Recorded phone conversation admissible even if obtained illegally: Allahabad High Court

Recorded phone conversation admissible even if obtained illegally: Allahabad High Court

The Allahabad High Court ruled that a telephone conversation between two defendants cannot be excluded from evidence on the basis that it was unlawfully obtained. [Mahant Prasad Ram Tripathi @ M.P.R. Tripathi vs. State of Uttar Pradesh through CBI/A.C.B., Lucknow and Others]

Justice Subhash Vidyarthi made the remark while affirming a lower court’s decision not to release an accused in a bribery case who was implicated in the case based on a recorded phone conversation.

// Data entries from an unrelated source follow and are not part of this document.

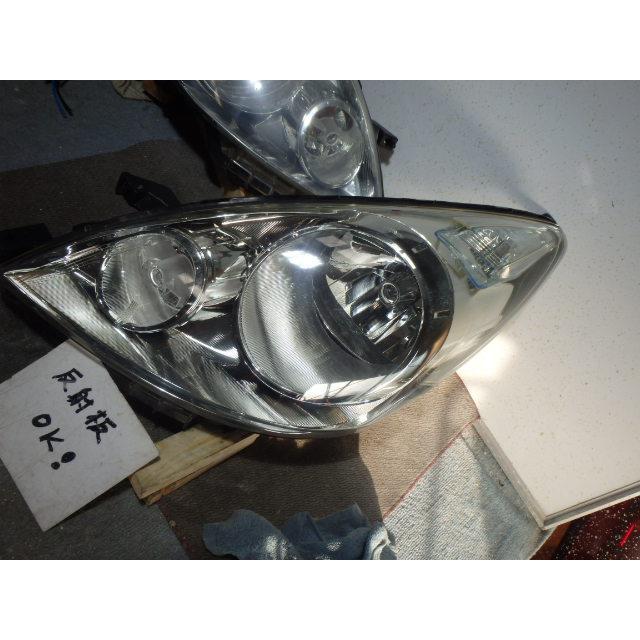 りんたろ 日産ノート左ヘッドライト ノート DBA-E11 ヘッドライト左 LH 1500 15G HR15-DE H005 26060-8Y20A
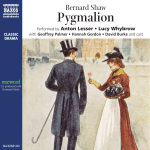 Pygmalion CD Booklet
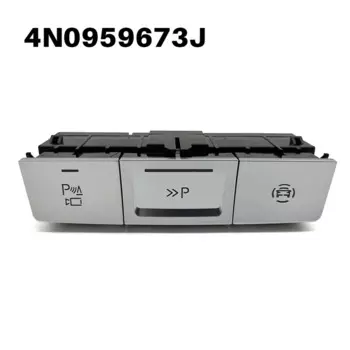 4N0 959 673 J / 4N0959673J для A6 C8 A7 A8 Q7 Q8 PDC парковочный радар Переключатель многофункциональный переключатель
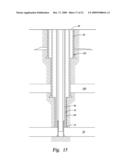 Method and Apparatus for a Monodiameter Wellbore, Monodiameter Casing, Monobore, and/or Monowell diagram and image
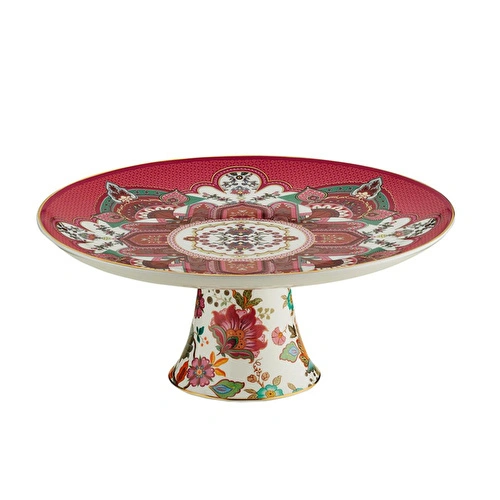 Lucky Art Etro Bone Ayakli Kek Standi 27 Cm
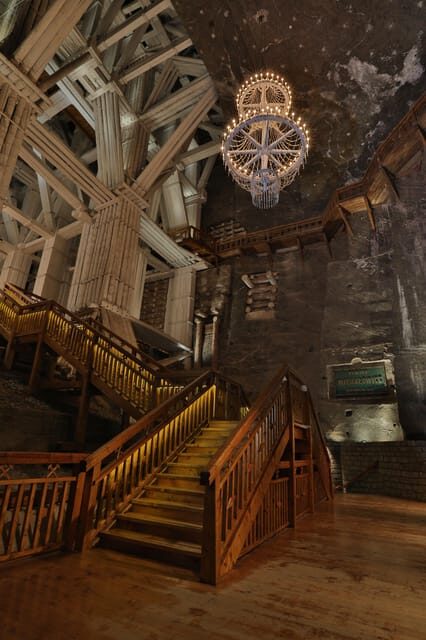 Wieliczka Salt Mine Guided Tour with Skip the Line Tickets - Group size and hearing your guide: the practical comfort issues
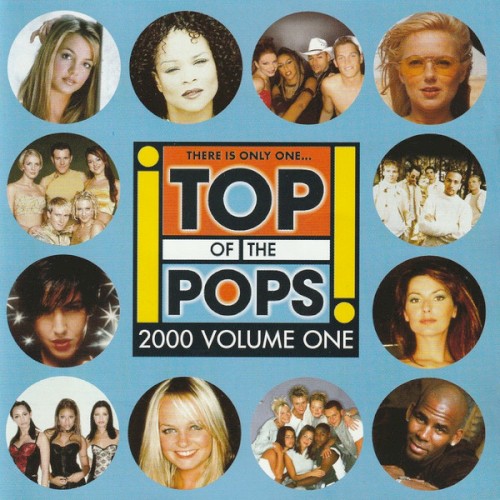 Top of the Pops 2000, Volume One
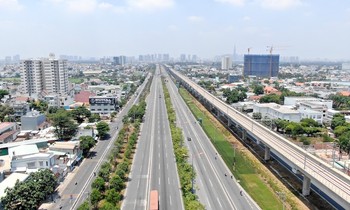 Hạ tầng ở thành phố phía Đông được đầu tư bài bản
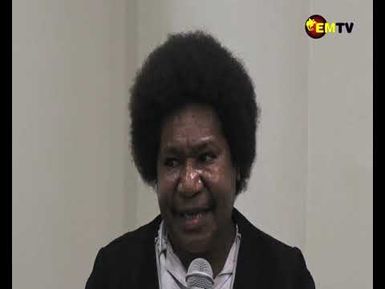 PNG YOUTH DIALOGUE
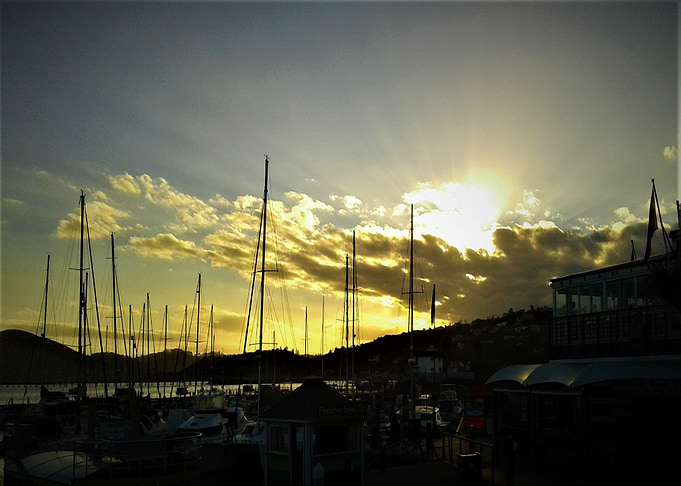 Harbor Lullaby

The defendant had challenged the admissibility of the phone conversation on the grounds that it had been unlawfully obtained. However, the court denied his appeal.

“Whether the telephone conversation between the two defendants was intercepted or not, and whether it was done legally or illegally, would have no bearing on the admissibility of the recorded conversation as evidence against the applicant,” the court noted.

The court ruled that contrary decisions by the Delhi High Court in Sanjay Pandey v. Directorate of Enforcement and the Andhra Pradesh High Court in Rayala M. Bhuvaneswari v. Nagaphanender Rayala cannot be relied upon.

In the case of Sanjay Pandey, the Delhi High Court ruled that tapping phone lines or recording conversations without consent constitutes a violation of privacy.

In a similar vein, the Andhra Pradesh High Court ruled that a husband’s act of recording his wife’s conversation was illegal and inadmissible as evidence.

However, the Allahabad High Court reasoned that these decisions did not take into account the law established by the Supreme Court in State (NCT of Delhi) v. Navjot Sandhu (the 2001 Parliamentary attack case).

Justice Vidyarthi went on to observe that in India, the sole admissibility standard applicable to evidence is the relevance standard.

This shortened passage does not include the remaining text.